D.Phil. thesis Hertford College, University of Oxford (2003)
This thesis is an exploration of Irish literary emigration to London in the nineteenth century, with particular reference to the 1880s and 1890s. These two decades witnessed a conflict between two generations of Irish emigrant writers and it is this conflict which forms the basis of the thesis. On the one hand were those emigrants – T.P. O’Connor, Justin McCarthy and R. Barry O’Brien – who typified the Irish literary defection to London in the nineteenth century, moving to England for a mixture of political, social, economic and cultural reasons. They were nationalists, but, like most Irish literary emigrants before them, they integrated themselves with British political and cultural life, developing a ‘mixed’ political-cultural identity in which British elements – principally Liberalism – were at play as well as Irish ones. By the 1880s they were well established in the world of Liberal London and played a prominent role in the Liberal Home Rule campaign of 1886-92. In these years, however, a new generation of Irish literary emigrants arrived in London – men like W.P. Ryan and D.P. Moran – and they were to be influenced by the Irish cultural revival rather than British Liberalism, becoming involved in the Southwark Irish Literary Club, the Irish Literary Society and the London Gaelic League during the 1880s and 1890s.

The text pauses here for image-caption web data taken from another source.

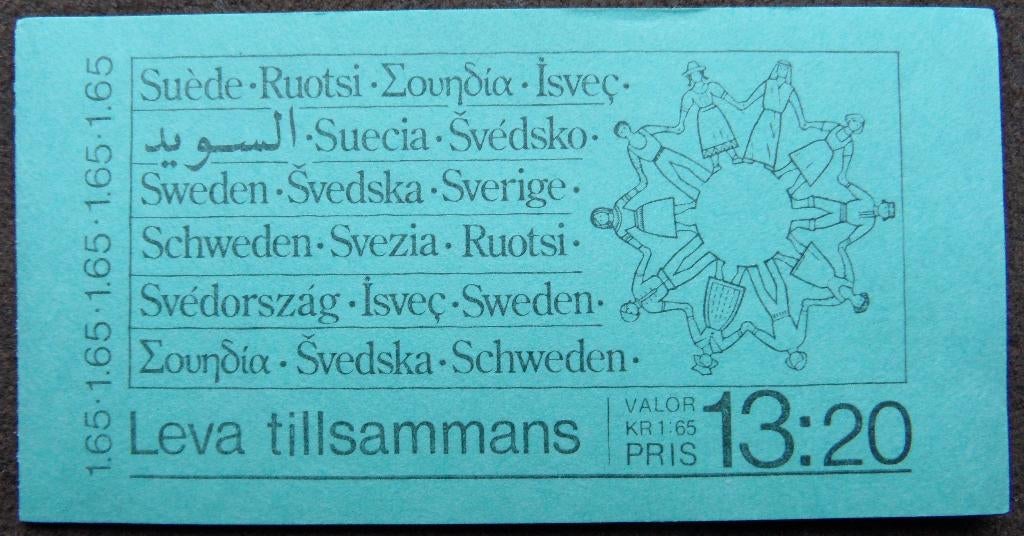 Postzegelboekje Zweden – Samenleven, Ophalen of Verzenden, Zweden, Postfris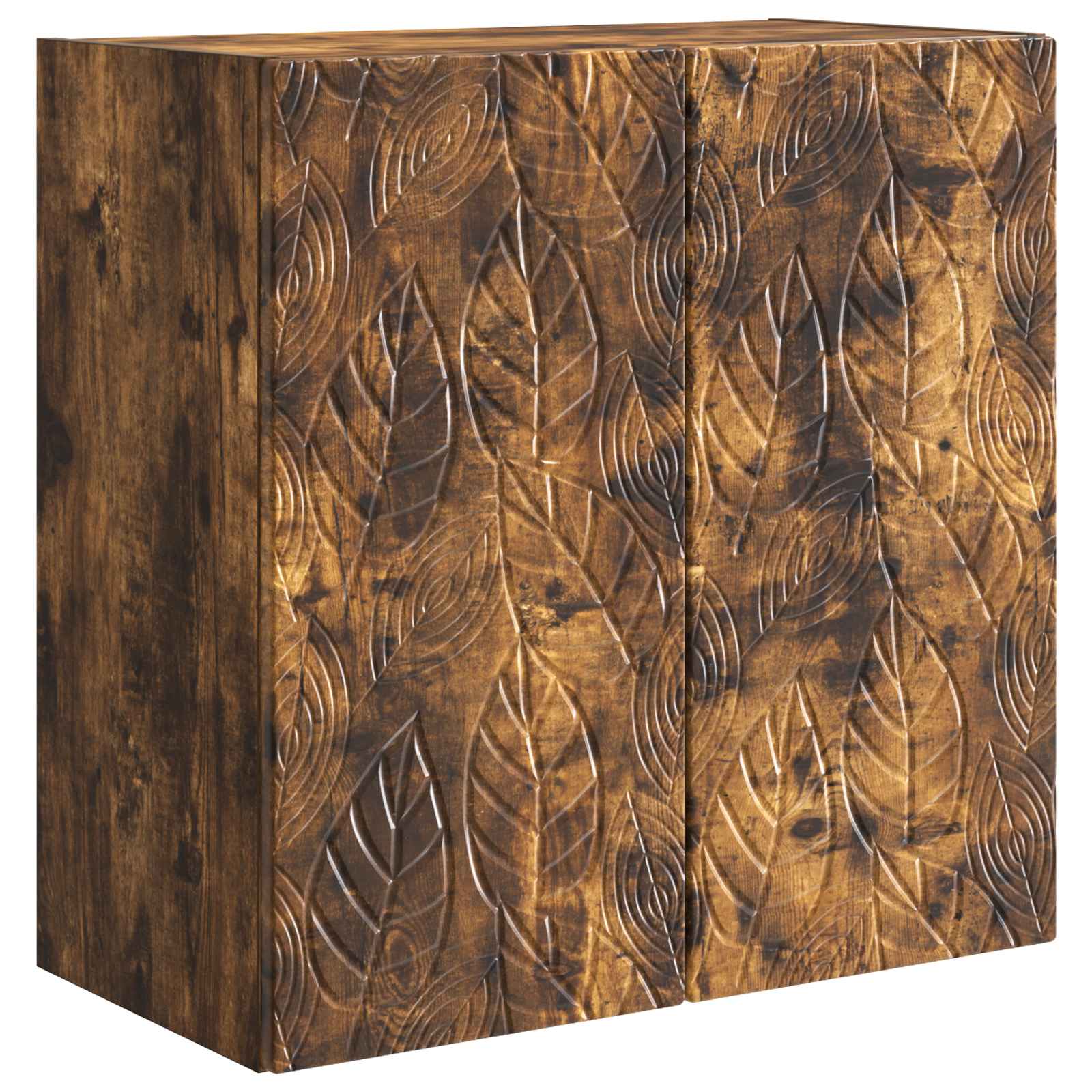 vidaXL Wall-Mounted Cabinet 59 x 31 x 60 cm Engineered Wood Smoked Oak 2
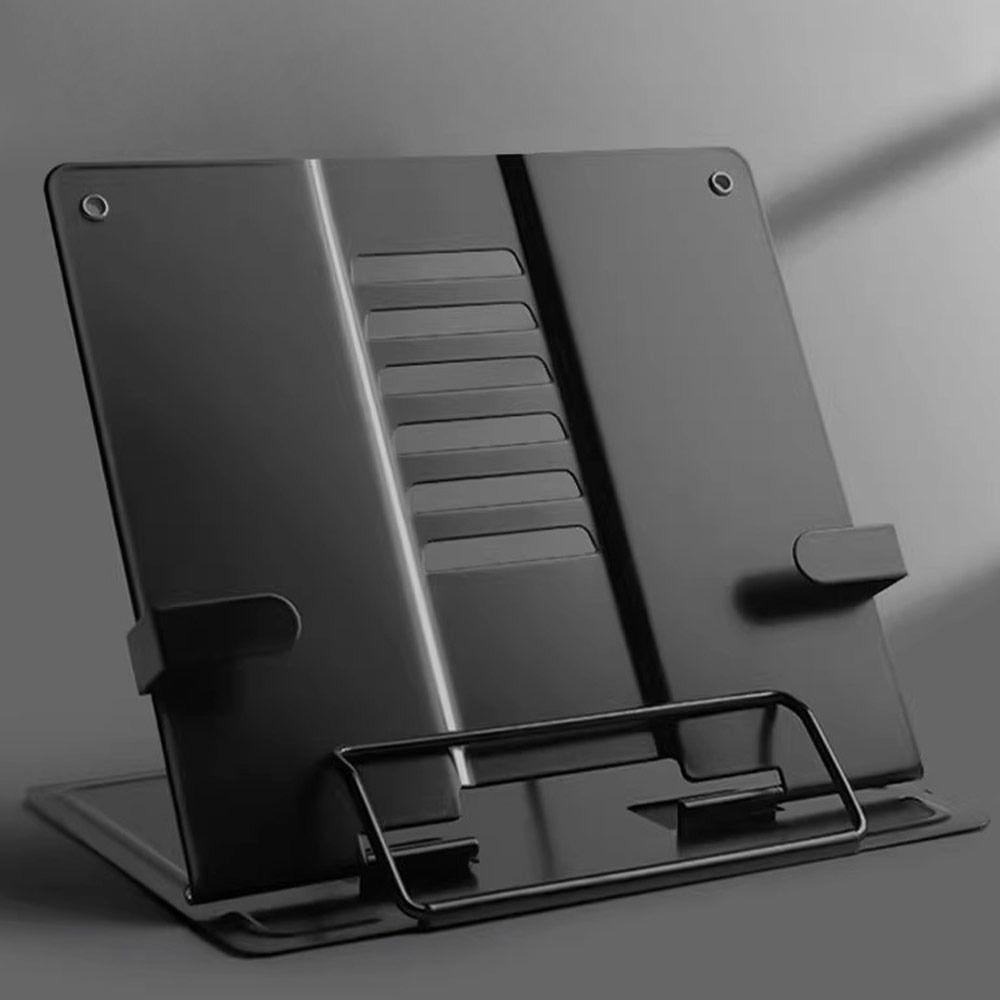 Verstellbarer Buchleseständer Metall Verstellbarer Ständer Langlebig Faltbares Stützgestell Zeitschriften Black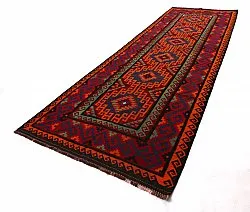 Orientalsk kelimteppe 401 x 161 cm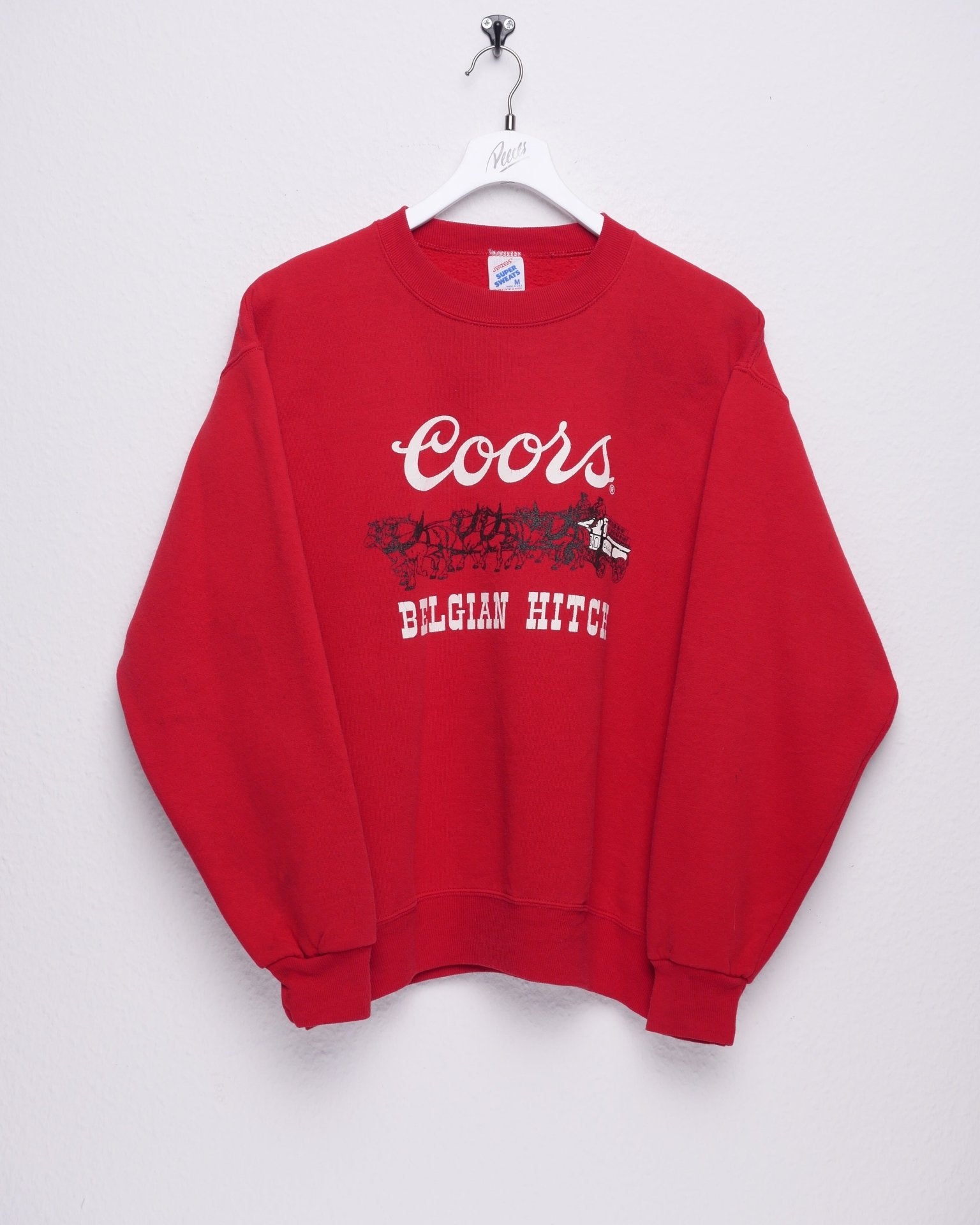 Coors Belgian Hitch printed red Sweater - Peeces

Coming into contact with the ‘Home Rule’ writers, this ‘Revival’ generation would see their forerunners, with their ‘mixed’ identities, as Irishmen who had compromised culturally, who were essentially Anglicised. These cultural ‘warnings’ helped stimulate the cultural nationalism of the younger men, who, in the early 1900s, rejected the example of the ‘Home Rule’ generation and the long- standing pattern of cultural assimilation that they represented, by returning to Ireland and working for the Gaelic revival there. In doing so they illustrated the contrasting ways in which emigration to London could affect Irish litterateurs in the late nineteenth century.